Work request >> For the data below, retype word for word the lines from the one containing "मच्छर भगाने के" through the one containing "Mixed Breed cats"; drop the pictures.

The data >>
·····

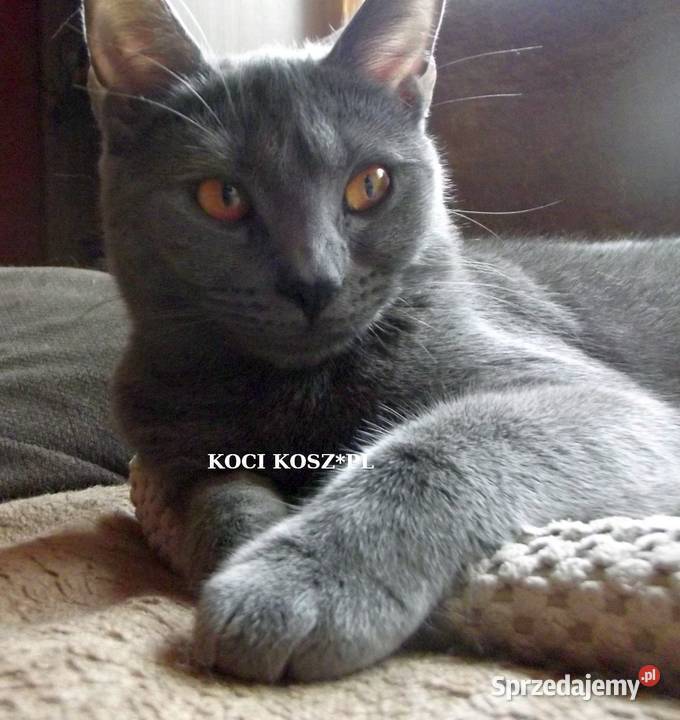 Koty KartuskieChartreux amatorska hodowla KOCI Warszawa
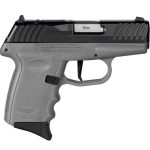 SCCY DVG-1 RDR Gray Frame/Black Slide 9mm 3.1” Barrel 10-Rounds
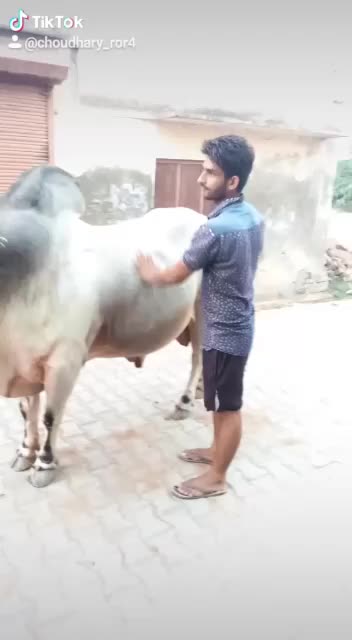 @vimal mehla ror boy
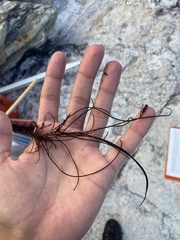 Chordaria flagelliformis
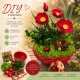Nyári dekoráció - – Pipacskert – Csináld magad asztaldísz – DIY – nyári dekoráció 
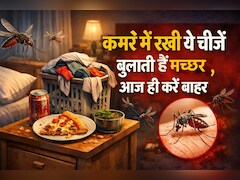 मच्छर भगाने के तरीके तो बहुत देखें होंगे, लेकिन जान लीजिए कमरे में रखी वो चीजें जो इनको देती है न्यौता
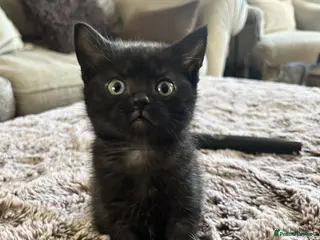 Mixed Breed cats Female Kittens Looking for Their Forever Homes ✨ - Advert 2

·····

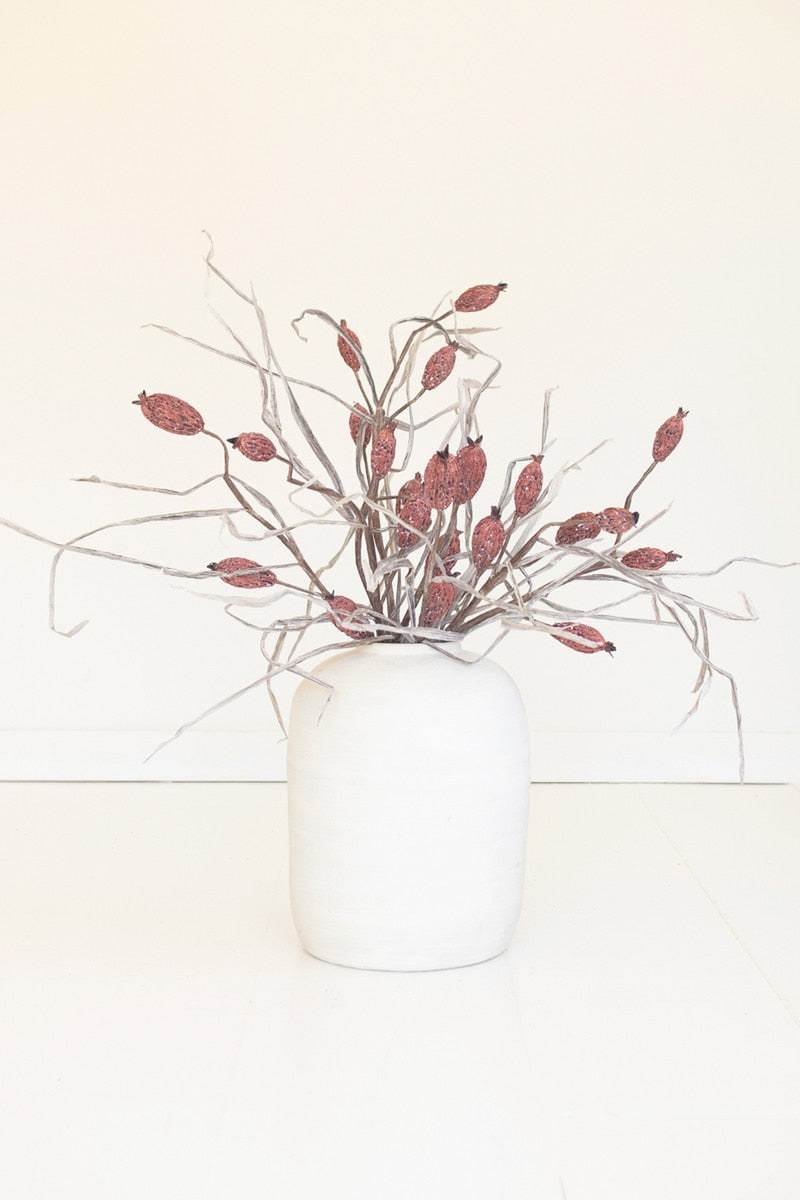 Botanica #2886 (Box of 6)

·····

Written reply >>
 मच्छर भगाने के तरीके तो बहुत देखें होंगे, लेकिन जान लीजिए कमरे में रखी वो चीजें जो इनको देती है न्यौता
 Mixed Breed cats Female Kittens Looking for Their Forever Homes ✨ - Advert 2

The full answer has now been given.